# Thudding sound on rear suspension



## Exalta (Jan 21, 2003)

I have a B14 and I keep wondering what the hell is that thudding sound coming from the rear suspension...

It sounds like someone knocking on a big plastic drum...whenever i slow down i hear this low pitch knocking sound..checked out the rear shock mounts (accesible from trunk if you remove carpet lining) and they're all tightened


----------



## Exalta (Jan 21, 2003)

okay, i listened more carefully...whenever the car is in motion, or when slowing down, the thudding or clunking like somethings shaking inside something gets louder and faster


----------



## Greg200SE-R (Feb 5, 2003)

I have a similar "thud" sound from my car. I think mine is my exhaust piping hitting something, but yours is probably something else.

Do you have any aftermarket stuff (exhaust, suspension, etc) in the rear? Usually wierd noises like that happen after installing aftermarket parts and not with stock setups... 

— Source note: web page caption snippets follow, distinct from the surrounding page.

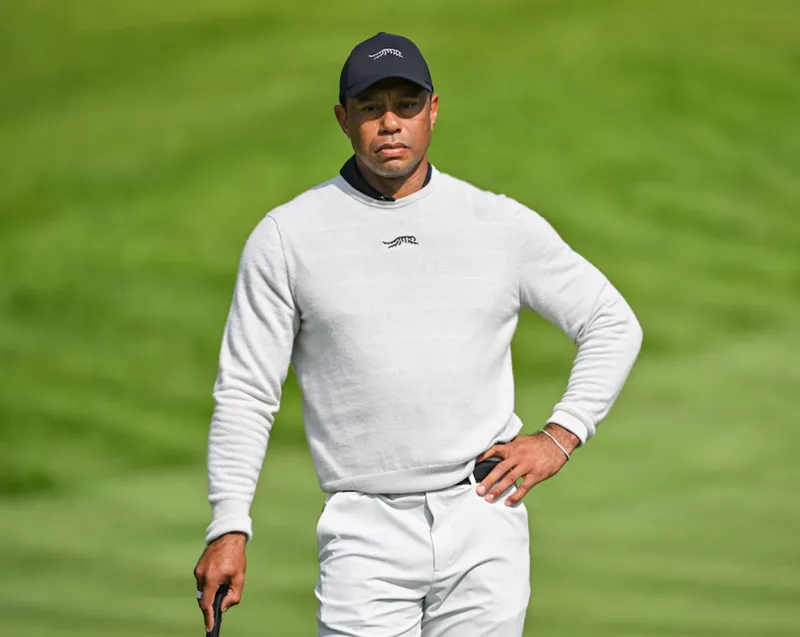 Khoảnh khắc vô địch The Masters 2019 đánh dấu màn tái xuất vĩ đại nhất lịch sử thể thao.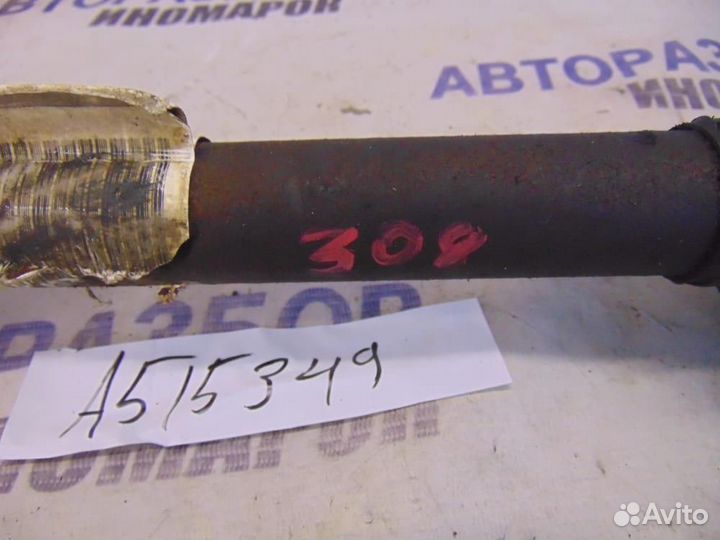 Полуось передняя левая для Peugeot 300 308 2007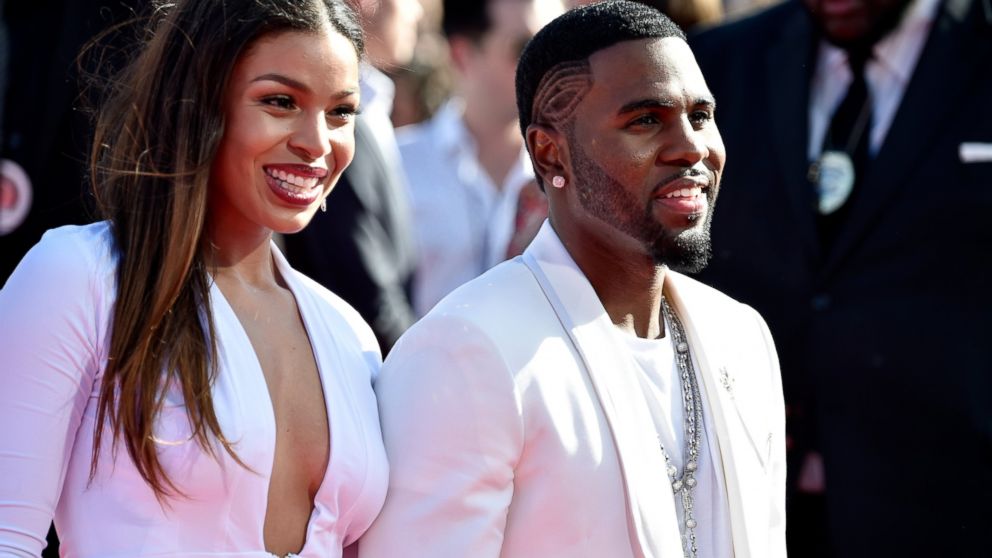 is jordin sparks and jason derulo marry me video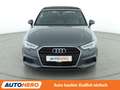 Audi A3 35 TFSI Aut.*NAVI*B&O*LED*TEMPO*PDC*SHZ* Grau - thumbnail 9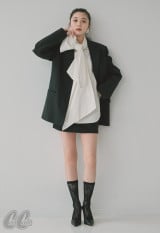 �g8���g�j���[�t�F�C�X�h�c�痜�X�ԁwCanCam�x�ꑮ���f���Ɍ��� ���͒���H��&������҂�V�R�L���� 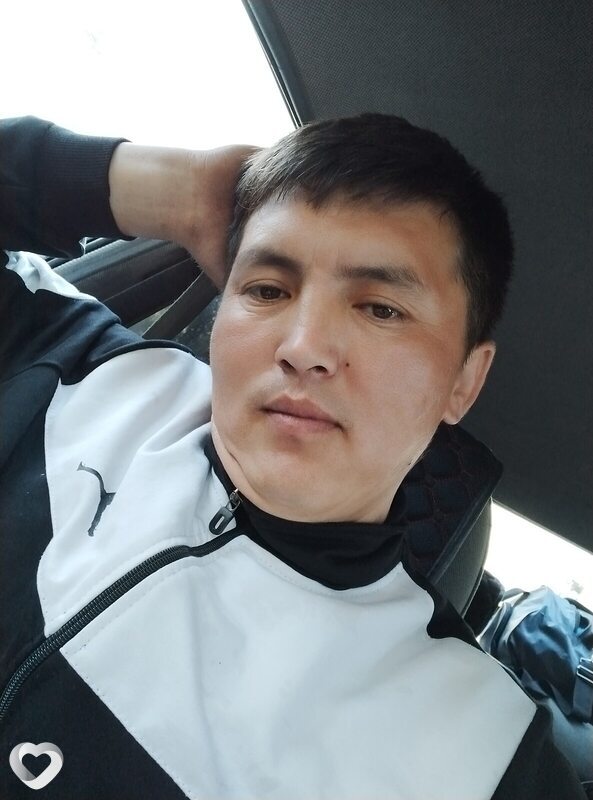 Абай, 34, Кокшетау — анкета №1561809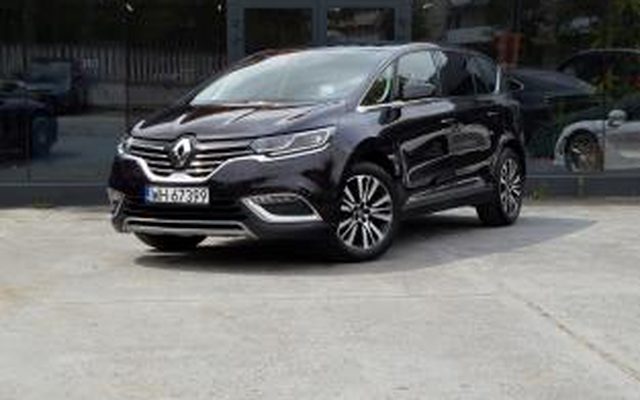 Citroen C4 PICASSO 2017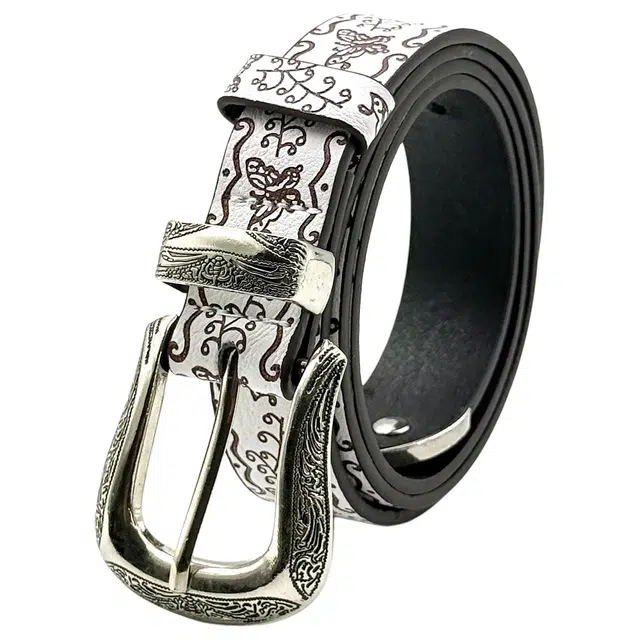 JEANSWEST PU 2.5CM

Throw a little brother, sister or cousin in the trunk, drive around and aske them to pinpoint where the sound is coming from. 

No? Well, just an idea.


----------



## 9double8 (Jul 9, 2002)

Greg200SE-R said:


> I have a similar "thud" sound from my car. I think mine is my exhaust piping hitting something


That's what mine was. The exhaust hitting the rear beam. I just got another exhaust pipe hanger and re-hung the exhaust higher. No more banging.


----------